▸ Work to be completed
Every line from the one with "Skin Care Private" through the end of the entries below must be retyped exactly, and only those lines. The pictures are not part of the copy.

(Source records)

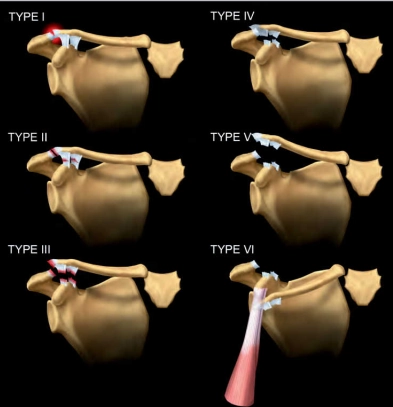 Trật khớp cùng - đòn (Acromioclavicular joint injuries)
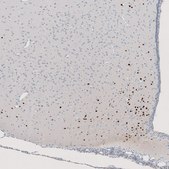 Monoclonal Anti-OTP antibody produced in mouse Prestige Antibodies&#174; Powered by Atlas Antibodies, clone CL11225, purified immunoglobulin, buffered aqueous glycerol solution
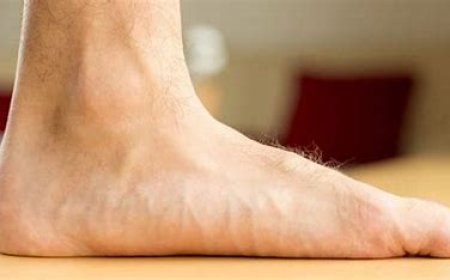 Flatfoot (Pes Planus)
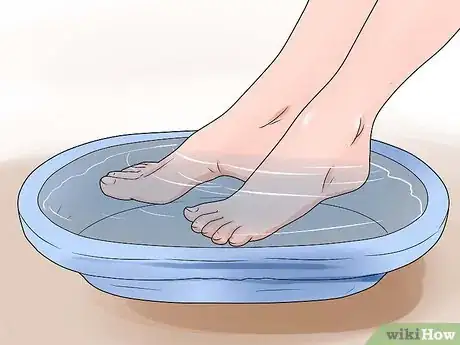 Imagen titulada Treat a Corn or Callus Step 7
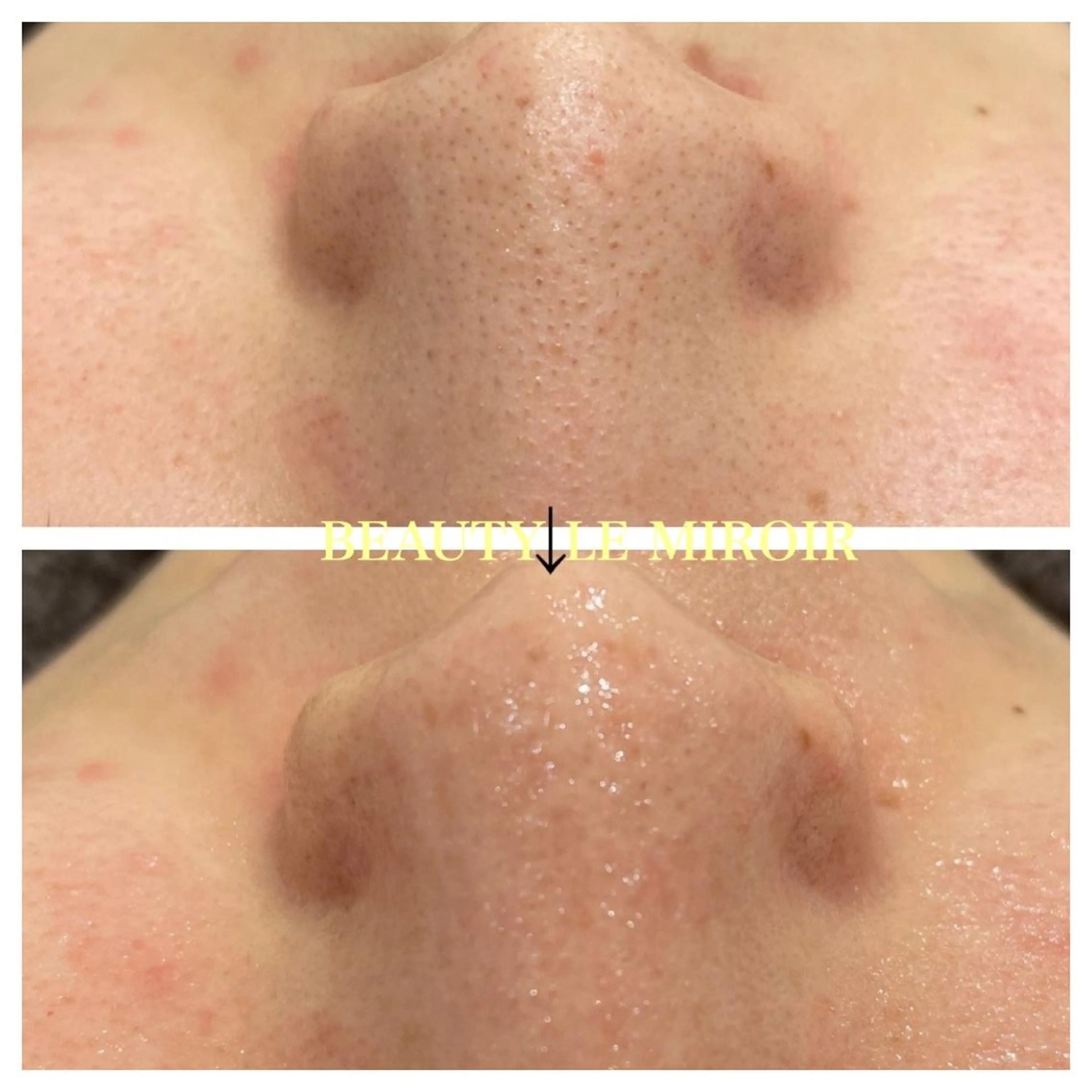 ビューティー ミロワールのエステ・リラクイメージ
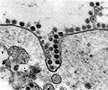 Image en microscopie électronique d'un coronavirus pénétrant dans une cellule.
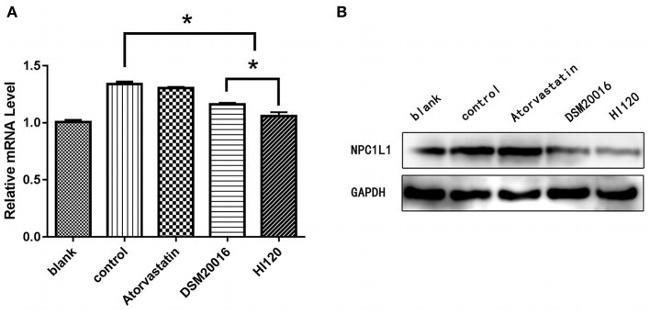 NPC1L1 Antibody in Western Blot (WB)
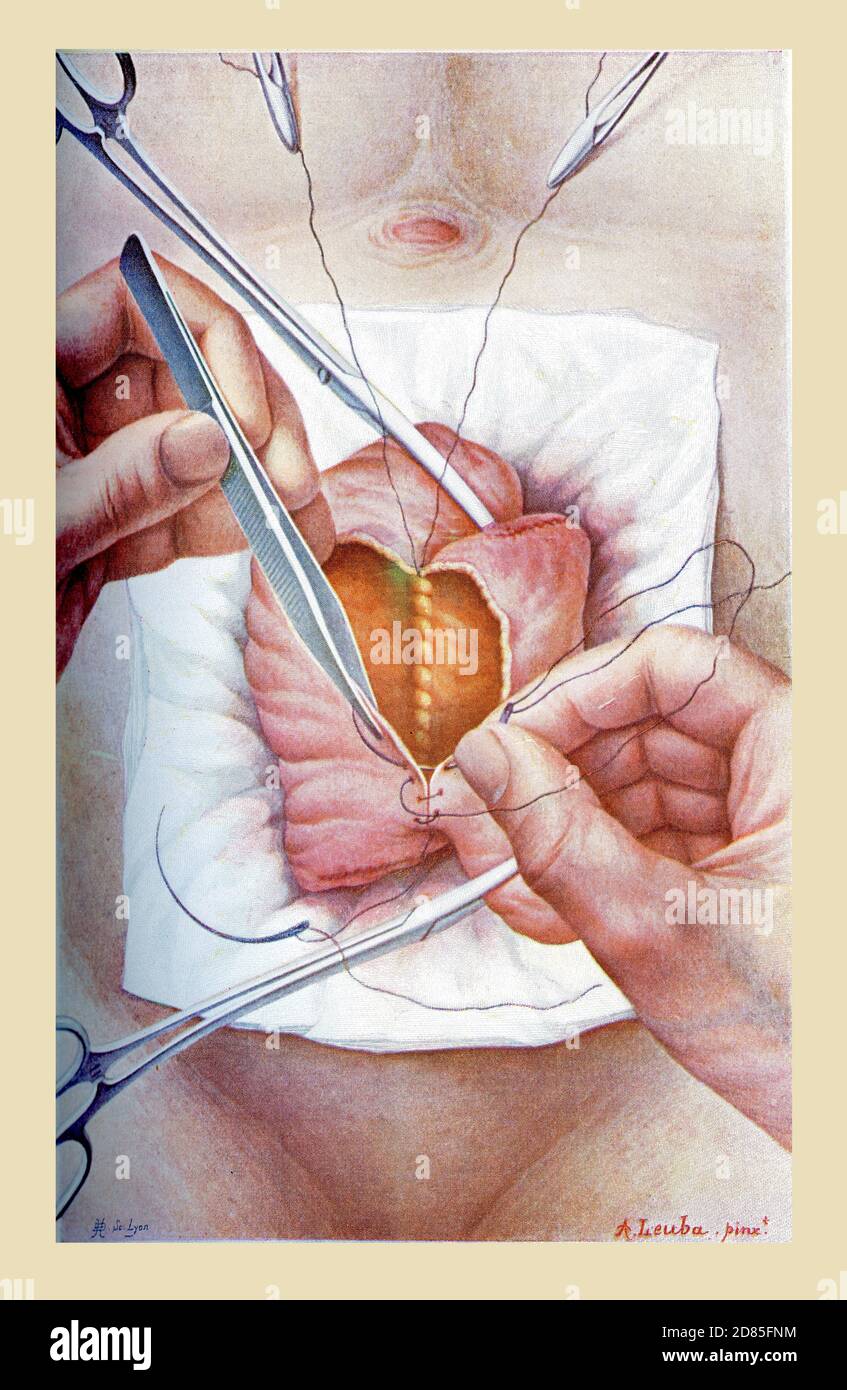 Healthcare und Medizin vintage Farbe Illustration: Enteroanastomose, chirurgische Einrichtung einer Kommunikation zwischen zwei entfernten Teilen des Darms Stockfoto
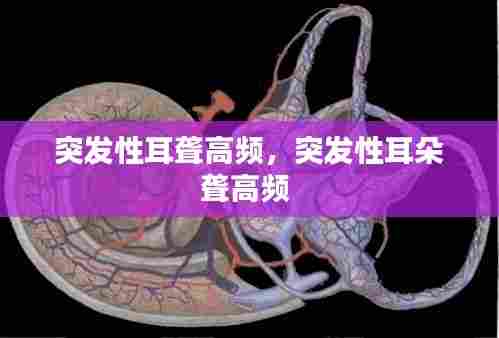 突发性耳聋高频,突发性耳朵聋高频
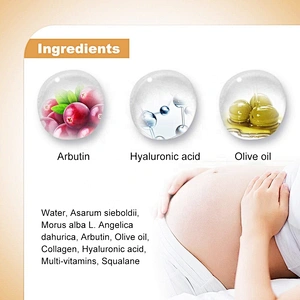 Skin Care Private Label Mango Pregnancy Stretch Mark Scars Removal Cream Anti Creme Pour Vergeture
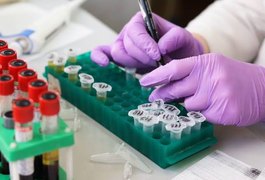 OMS confirma caso de influenza A H1N2, com potencial pandêmico, no Brasil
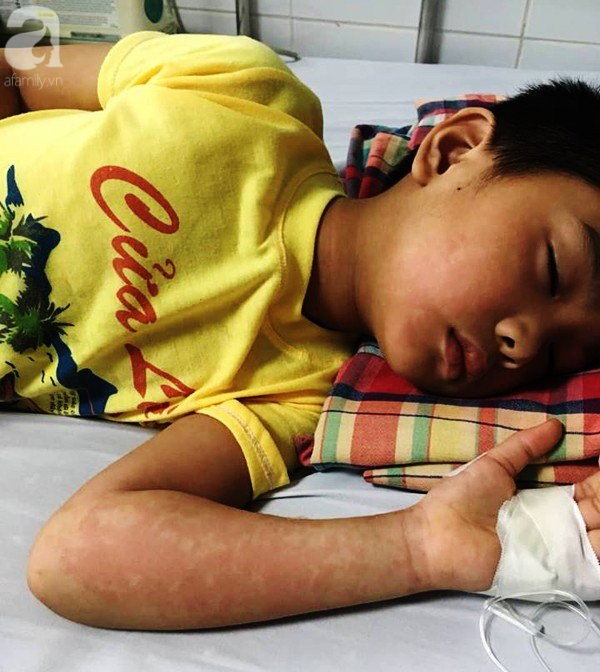 Hà Nội: Bé trai 7 tuổi đang khỏe mạnh bỗng hôn mê vì suy đa tạng, nhiễm trùng máu sau trận sốt cao - Ảnh 1.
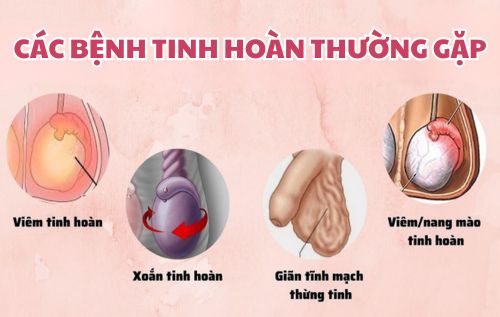 Một số bệnh tinh hoàn thường gặp ở nam giới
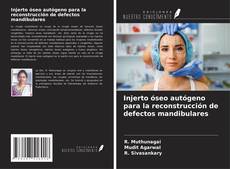 Bookcover of Injerto óseo autógeno para la reconstrucción de defectos mandibulares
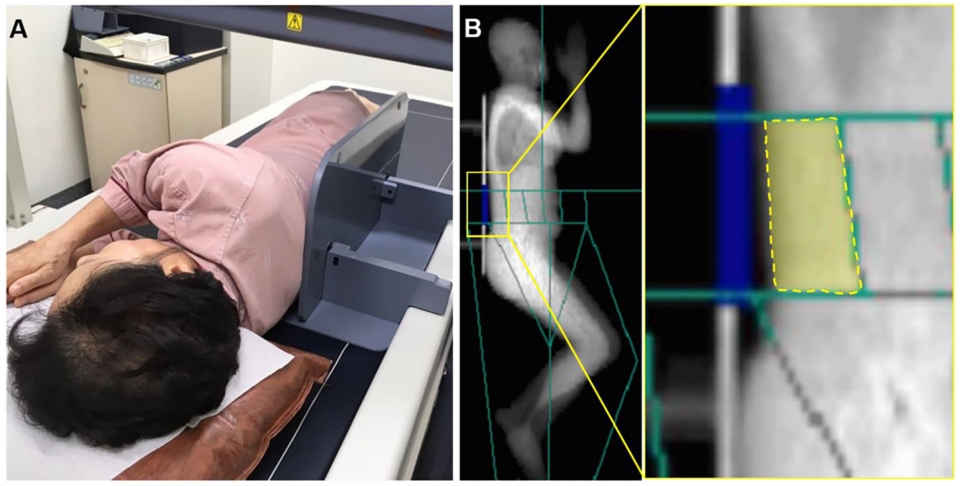골밀도 측정에 이용되는 이중에너지 방사선 흡수계측기(DEXA)로 척추근육 주위 근육의 체성분을 분석하는 장면.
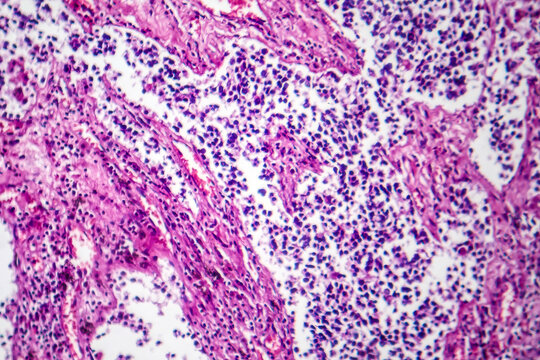 Small cell lung cancer, light micrograph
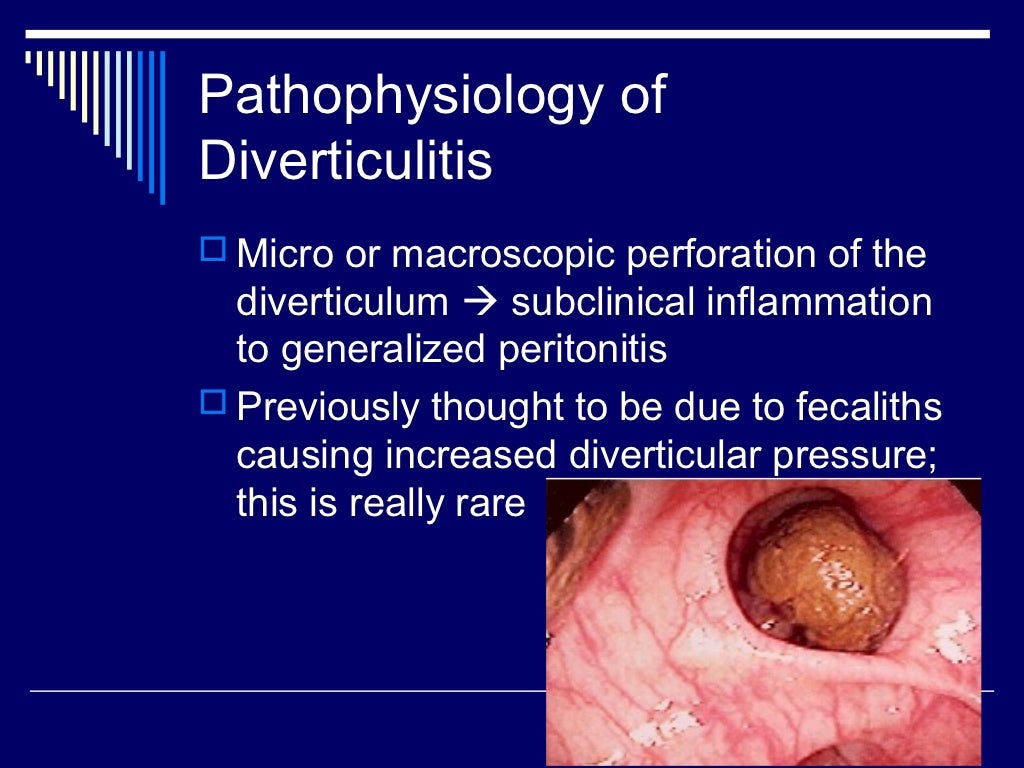 Diverticular disease of colon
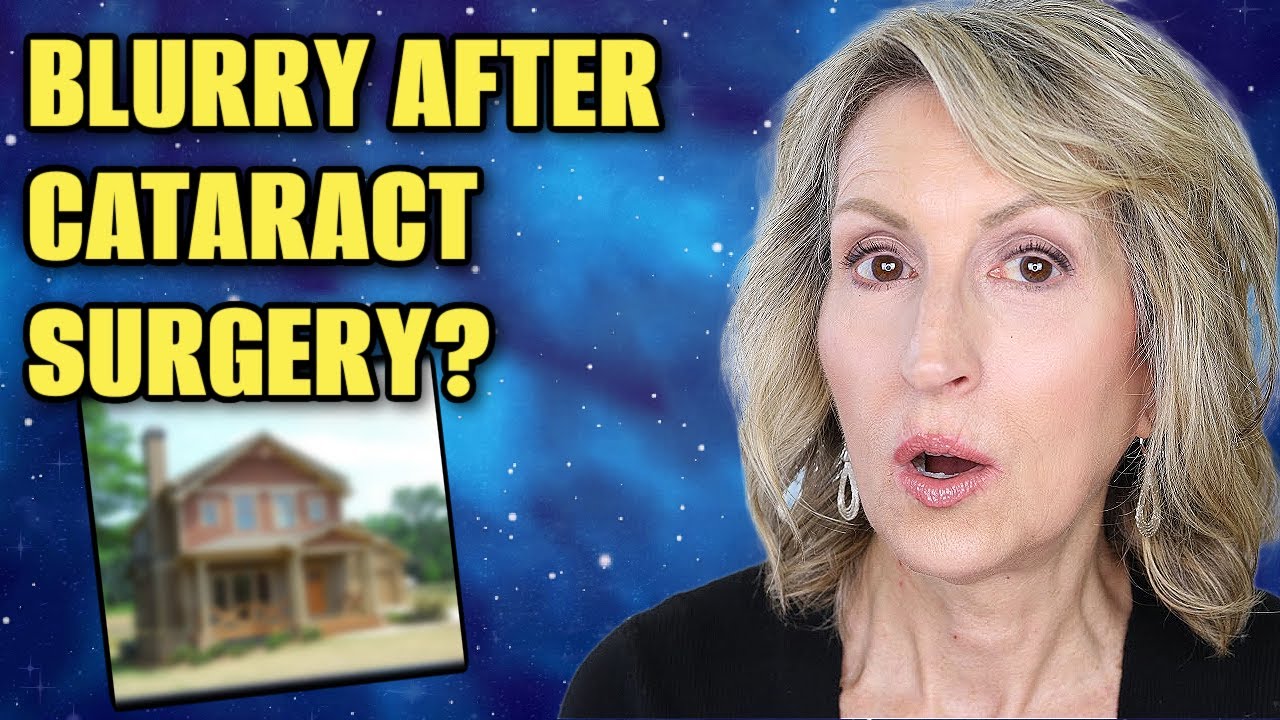 Blurry After Cataract Surgery? Here’s What You Need to Know! YAG Laser - Posterior Capsular Opacity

▸ Written solution
 Skin Care Private Label Mango Pregnancy Stretch Mark Scars Removal Cream Anti Creme Pour Vergeture
 OMS confirma caso de influenza A H1N2, com potencial pandêmico, no Brasil
 Hà Nội: Bé trai 7 tuổi đang khỏe mạnh bỗng hôn mê vì suy đa tạng, nhiễm trùng máu sau trận sốt cao - Ảnh 1.
 Một số bệnh tinh hoàn thường gặp ở nam giới
 Bookcover of Injerto óseo autógeno para la reconstrucción de defectos mandibulares
골밀도 측정에 이용되는 이중에너지 방사선 흡수계측기(DEXA)로 척추근육 주위 근육의 체성분을 분석하는 장면.
 Small cell lung cancer, light micrograph
 Diverticular disease of colon
 Blurry After Cataract Surgery? Here’s What You Need to Know! YAG Laser - Posterior Capsular Opacity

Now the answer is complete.